Soprattutto al mare  in vacanza,  dopo pranzo, la pennichella è qualcosa di irresistibile. Il momento più bello è quando ci si lascia portare da Morfeo. Quello più brutto, il risveglio. Si chiede riposo e in cambio si riceve stordimento. Tutto dipende dalla durata. Ma quanto bisognerebbe investire in questa attività quotidiana? Bastano pochi minuti, dicono gli esperti, dal quarto d’ora alla mezzora, non di più, distesi su un amaca, su un lettino, o appoggiati ad un tavolo In questo modo seguiremo i ritmi circadiani del nostro corpo, che ogni giorno tra le ore 13 e le 15 circa vede un calo della temperatura con conseguente rilascio di melatonina, l’ormone del sonno. Ecco perché cominciamo a sbadigliare e ci sentiamo assonnati. Certo che se poi a tutto ciò abbiniamo anche un pranzo importante, la digestione farà il resto.
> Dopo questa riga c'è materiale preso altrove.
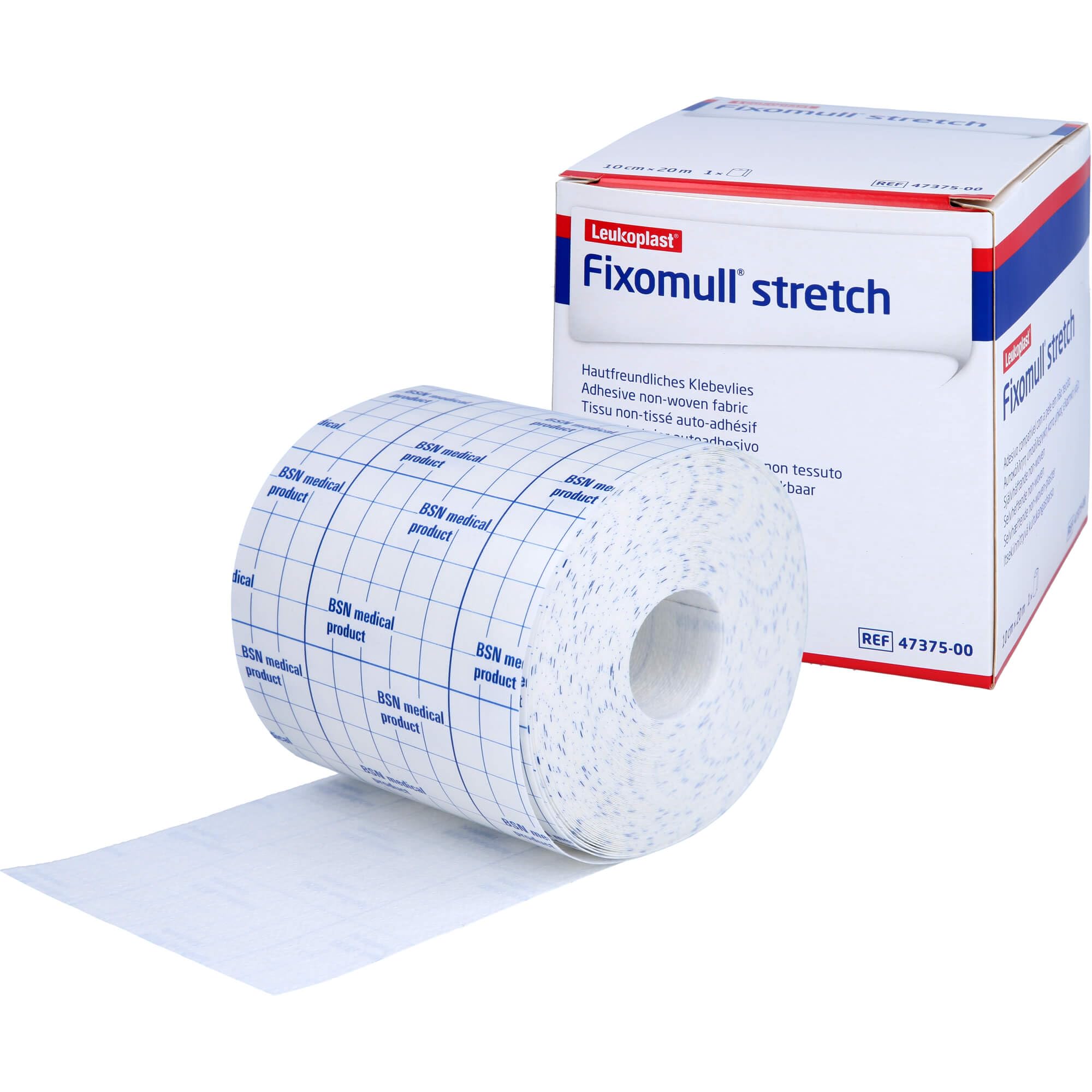 Fixomull stretch Verbandfixierung 20m x 10cm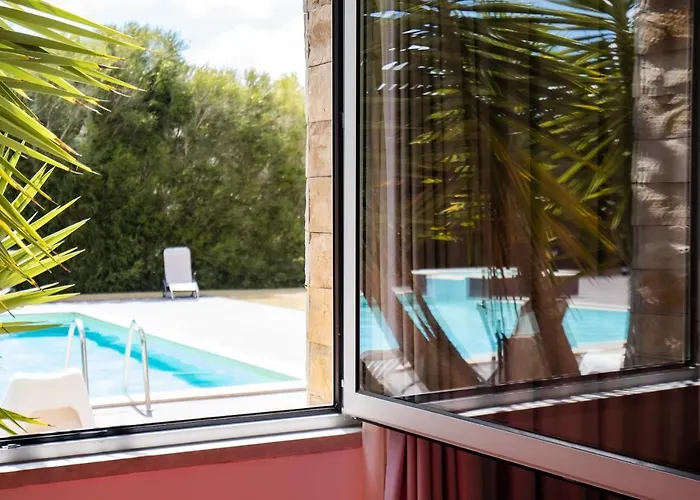 Ξενοδοχείο D'obidos Όμπιδος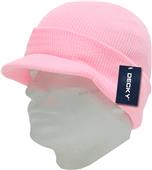 Decky Jeep Caps Cuffed Beanie 8009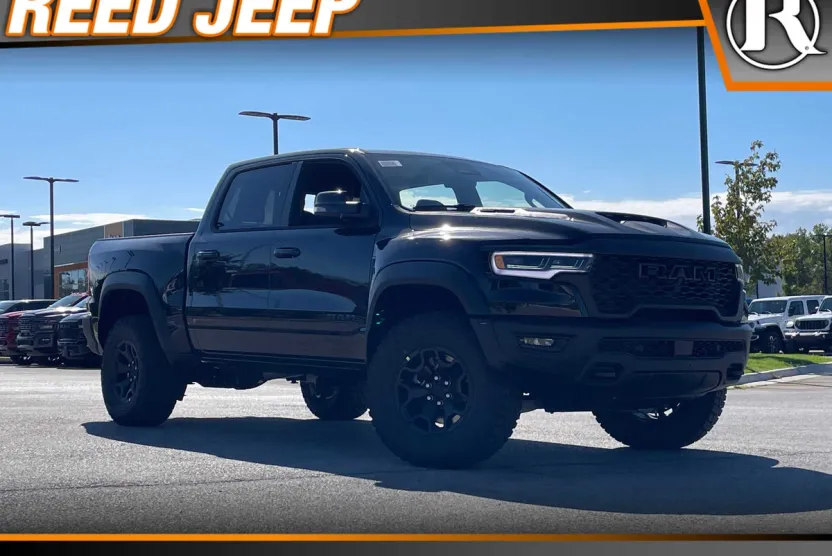 2026 Ram 1500 RHO photo 1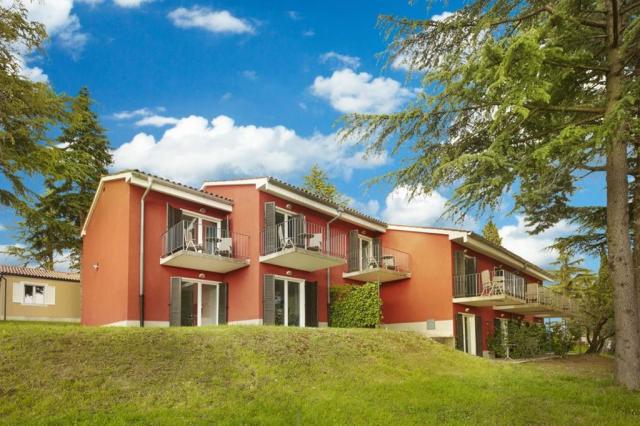 Vila - Resort Adria Ankaran - vila Adriatic - Ankaran -  - Chor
Dormire più di questa breve pausa non è consigliabile. Ovviamente tutto ciò è una generalizzazione, poi ciascun organismo ha il proprio ritmo e abitudini. C’è chi dorme di giorno e pure di notte e chi se si addormenta dopo pranzo si assicura l’insonnia notturna. C’è inoltre chi se si addormenta anche pochi minuti si sente al risveglio intontito e chi invece si sente bello fresco come una rosa, pronto ad affrontare rinfrancato il pomeriggio.